BOTHELL — Barbara Tredway got quite a shock when she started preparing her 92-year-old mom’s property taxes.
The assessor’s office upped the value of part of her mom’s land from $40,800 to a whopping $834,000 from one year to the next. That means Tredway’s mom, Bertha Blomberg, faces paying $6,532 more in property taxes this year.
Tredway, who handles her mom’s finances, said the extra taxes account for nearly half of her mom’s $15,000 annual income from retirement and social security.
“If I pay these taxes for her for three years, her savings will be gone,” said Tredway, who lives with her mom and takes care of her.
The assessor’s office says it had greatly undervalued Blomberg’s property for years until realizing the mistake in January 2007.
Situations like Blomberg’s happen infrequently, maybe once or twice each year, Snohomish County assessor Cindy Portmann said.
Blomberg does not owe any back taxes for previous years to make up for the long-running mistake in her property’s value, Portmann said.
The assessor’s office isn’t really sure why the property was so undervalued. The confusion may have stemmed from a senior exemption on another portion of Blomberg’s land, said Steve Lightle, the county’s residential appraisal manager.
“I would be speculating on how that happened at this point,” Lightle said. “I haven’t researched it.”
Blomberg, a retired school cafeteria manager, owns two lots side by side on the 23400 block of 15th Avenue SE. A one-acre lot contains her longtime home. Another 1.39-acre lot is undeveloped and covered with grass, brush and trees.
The assessed valuation of the lot with her home has climbed steadily, but there was no increase on the undeveloped lot.
The assessor’s office realized the mistake last year. By then, buildable land near Bothell was worth $600,000 an acre, Lightle said. A nearby .26-acre property with one home is valued at $552,200, and a .44-acre parcel with a home is valued at $454,600, according to county assessment data.
State law requires property to be appraised at market value, Lightle said. There is no limit to how much a piece of land’s value can change from one year to the next, he said.

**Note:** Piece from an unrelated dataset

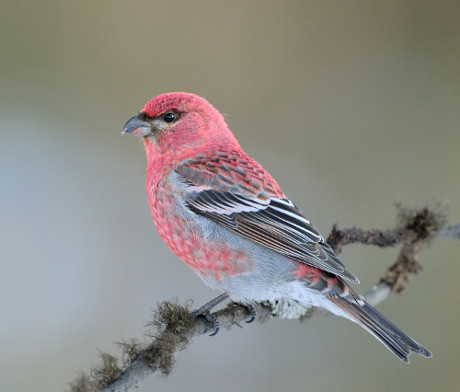 Pine Grosbeak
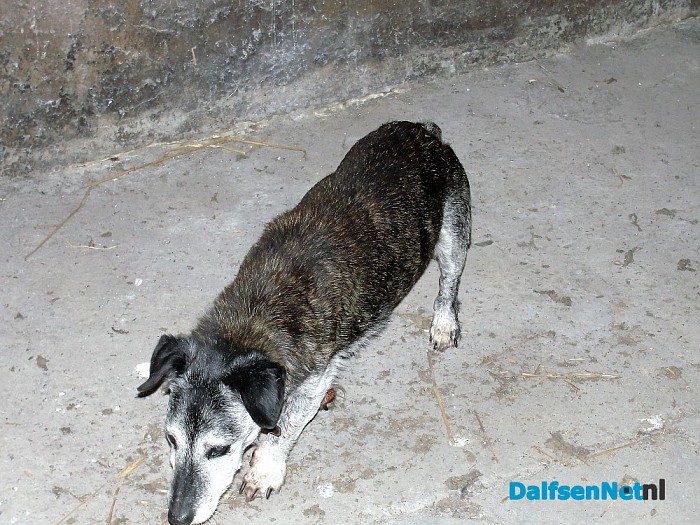 Wie mist zijn hondje? Al weer opgelost. - Foto: Ingezonden foto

A report released in 2006 by the state Office of Program Research listed the Snohomish County Assessor’s Office as among the most accurate in the state for assessing property values.

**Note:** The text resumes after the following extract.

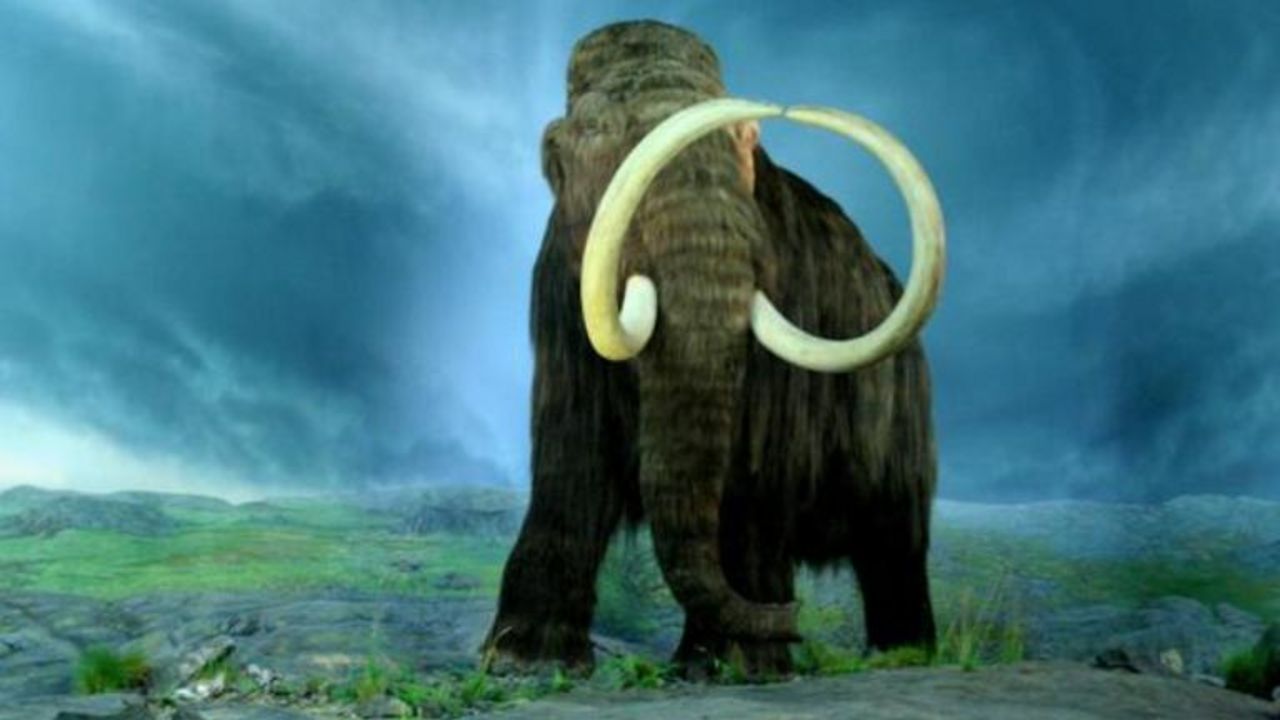 Mamut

Although the land’s value was corrected in early 2007, Tredway assumed the value would be the same as it had been in recent years. The lot had been valued at $40,800 since 2003.
She just recently realized the value was changed as she prepared to send in her mother’s property tax bill. There is no way for her to appeal the change in the land value because the 60-day appeal period would have ended in spring 2007.

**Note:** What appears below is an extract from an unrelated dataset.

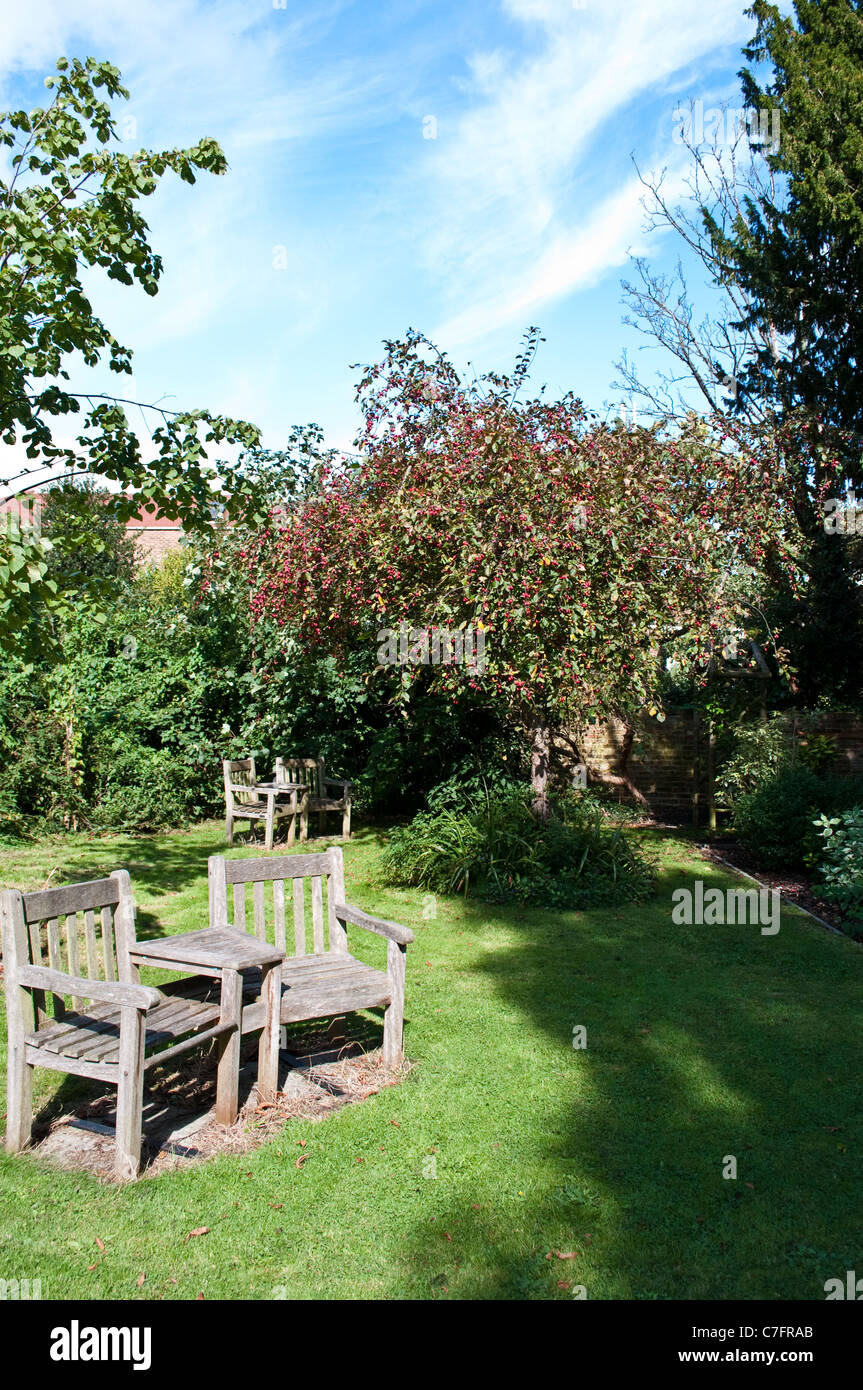 Crab apple tree in a garden, Surrey, England, UK Stock Photo Alamy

“I should have been paying more attention to this stuff, but it has always been the same,” Tredway said.
Because Blomberg’s house is on her smaller lot, she could sell her larger lot without losing her home, Portmann said. Sometimes, land buyers offer life estates to elderly sellers, allowing them to continue living on their properties for the remainder of their lifetimes or until they move.
“In this case, it looks like the person can still keep their home, so that may be something they need to consider,” Portmann said.
But Blomberg doesn’t want to sell.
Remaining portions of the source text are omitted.